Fish Tails
“What’s she doing here?”
“Right now I believe she is explaining her authority over Artemisia.”
Xulai stifled laughter. “Sybbis? Her authority?”
“I’m judging from what I know about her. The Artemisians have been attempting . . . diplomacy with her. They have to stop ganger raiding parties killing the farmers, stealing their stock, burning their barns and haystacks. The Artemisian delegation tried to convince her that farmers must be exempt from being raided, because they create the food we all eat, and once she kills them and takes the food, there will be no more food.” Precious Wind frowned, shaking her head. “Perhaps she imagined food would appear at royal command. The Artemisians are waiting for her to get the point.
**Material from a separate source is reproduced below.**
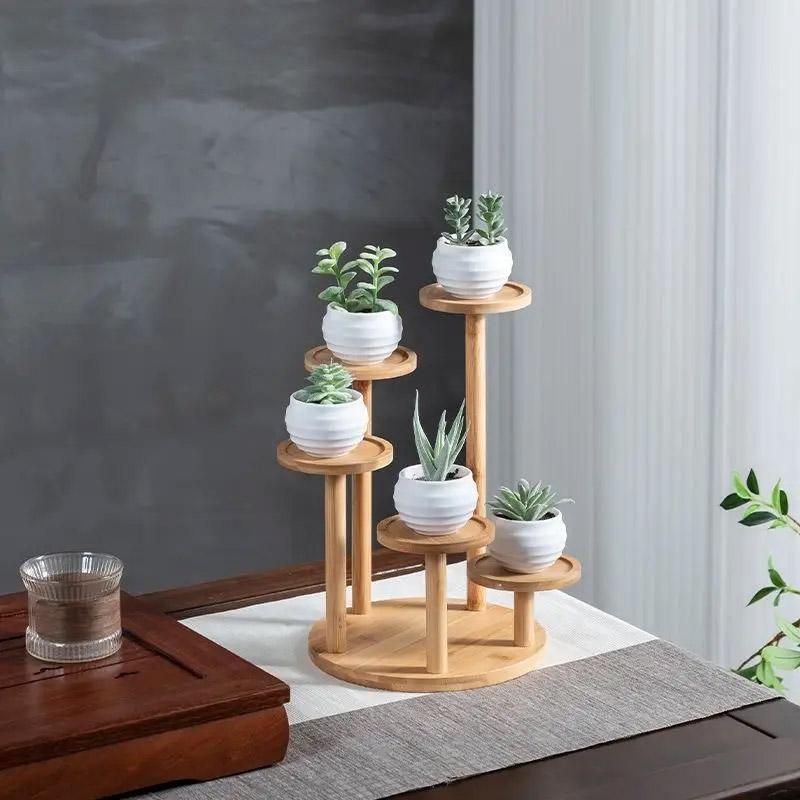 Round Tabletop Flower Stand Balcony Storage Shelf Display Rack Indoor Outdoor view 11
We don’t believe she’s stupid, just misinformed or . . . perhaps uninformed.”
Xulai, brow furrowed, shook her head. “No, Presh, sorry, I think you’re wrong. I think she is stupid. She has a kind of ignorance that goes very deep. It’s a . . . depth of habit that’s even more difficult to modify than stupidity is.”
“Girl, the ganger women had to have seen farmers bringing food into the city. They had to have seen them selling it!”
“If that’s what you and the Artemisians have been basing your argument on, you’re wrong! Abasio has told me all about that ganger life! The women reserved for the ganger top men certainly did not see farmers bring food into the city, and they never saw them selling it!” She settled herself more comfortably, obviously ready to lecture.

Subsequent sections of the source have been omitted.